Mr. Inchbald did his duty as host then; but though his guest
used despatch, the 'mouthful' was hardly a hungry man's
breakfast when Winthrop was back again. In a few minutes more
the two were mounted and on their way up the right bank of the
river.
They rode silently. At least if Mr. Underhill's wonted
talkativeness found vent at all, it was more than Winthrop was
able ever to recollect. He could remember nothing of the ride
but his own thoughts; and it seemed to him afterwards that
they must have been stunning as well as deafening; so vague
and so blended was the impression of them mixed up with the
impression of everything else. It was what Mr. Underhill
called 'falling weather'; the rain dropped lightly, or by
turns changing to mist hung over the river and wreathed itself
about the hills, and often stood across his path; as if to bid
the eye turn inward, for space to range without it might not
have. And passing all the other journeys he had made up and
down that road, some of them on horseback as he was now,
Winthrop's thoughts went back to that first one, when through
ill weather and discouragement he had left the home he was now
seeking, to enter upon his great-world career. Why did they
so? He had been that road in the rain since; he had been there
in all weathers; he had been there often with as desponding a
heart as brought him down that first time; which indeed did
not despond at all then, though it felt the weight of life's
undertakings and drawbacks.

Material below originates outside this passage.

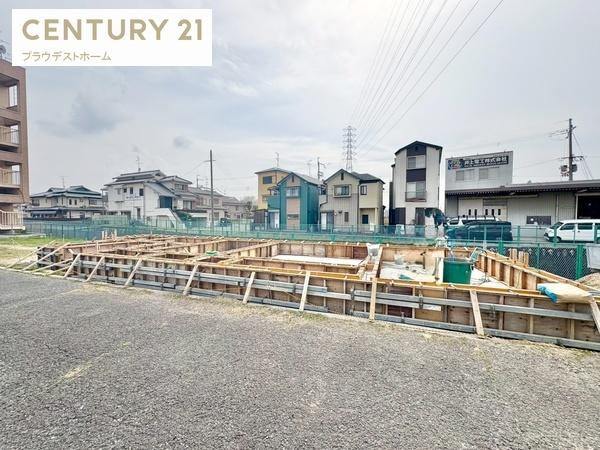 交野市私部西３丁目の新築一戸建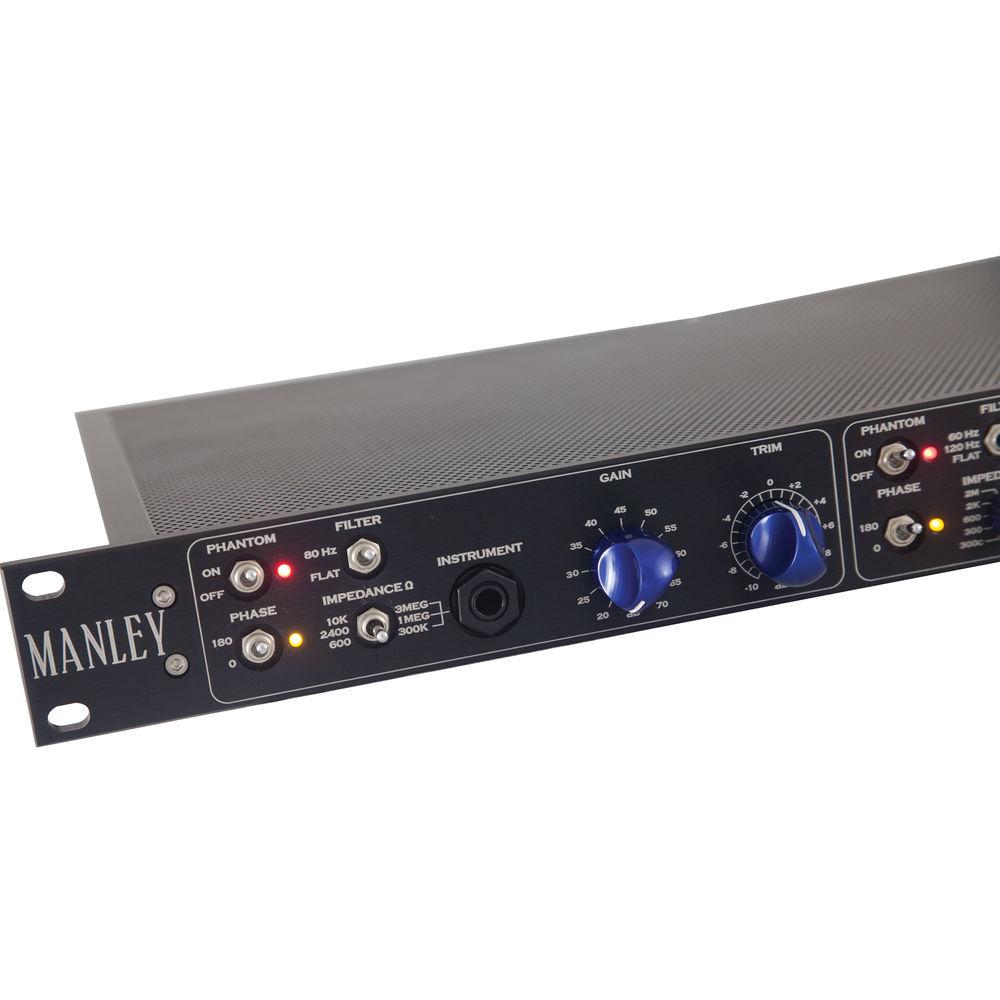 Manley Labs TNT 2-Channel Microphone Preamp, Manley, Labs, TNT, 2-Channel, Microphone, Preamp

And the warm rain, and yellow,
sun-coloured mist of this April day, had no likeness to the
cold, pitiless, pelting December storm. Yet passing all the
times between, his mind went back constantly to that first
one. He felt over again, though as in a dream, its steps of
loneliness and heart-sinking -- its misty looking forward -- and
most especially that Bible word '_Now_' -- which his little
sister's finger had pointed out to him. He remembered how
constantly that day it came back to him in everything he
looked at, -- from the hills, from the river, from the beat of
the horses' hoofs, from the falling rain. 'Now' -- 'now' -- he
remembered how he had felt it that day; he had almost
forgotten it since; but now it came up again to his mind as if
that day had been but yesterday. What brought it there? Was it
the unrecognized, unallowed sense, that the one of all the
world who most longed to have him obey that word, might be to-
day beyond seeing him obey it -- for ever? Was it possibly,
that passing over the bridge of Mirza's vision he suddenly saw
himself by the side of one of the open trap-doors, and felt
that some stay, some security he needed, before his own foot
should open one for itself? He did not ask; he did not try to
order the confused sweep of feeling which for the time passed
over him; one dread idea for the time held mastery of all
others, and kept that day's ride all on the edge of that open
trap-door. Whose foot had gone down there? -- And under that
thought, -- woven in with the various tapestry of shower and
sunshine, meadow and hillside, that clothed his day's journey
to the sense, -- were the images of that day in December -- that
final leaving of home and his mother, that rainy cold ride on
the stage-coach, Winnie's open Bible, and the 'Now,' to which
her finger, his mother's prayers, and his own conscience, had
pointed all the day long.
It made no difference, that as they went on, this April day
changed from rain and mist to the most brilliant sunshine. The
mists rolled away, down the river and along the gulleys of the
mountains; the clouds scattered from off the blue sky, which
looked down clear, fair, and soft, as if Mirza's bridge were
never under it. The little puddles of water sparkled in the
sunshine and reflected the blue; the roads made haste to dry;
the softest of spring airs wafted down from the hill-sides a
spicy remembrance of budding shoots and the drawn-out
sweetness of pine and fir and hemlock and cedar. The day grew
sultrily warm. But though sunlight and spring winds carried
their tokens to memory's gates and left them there, they were
taken no note of at the time, by one traveller, and the other
had no mental apparatus fine enough to gather them up.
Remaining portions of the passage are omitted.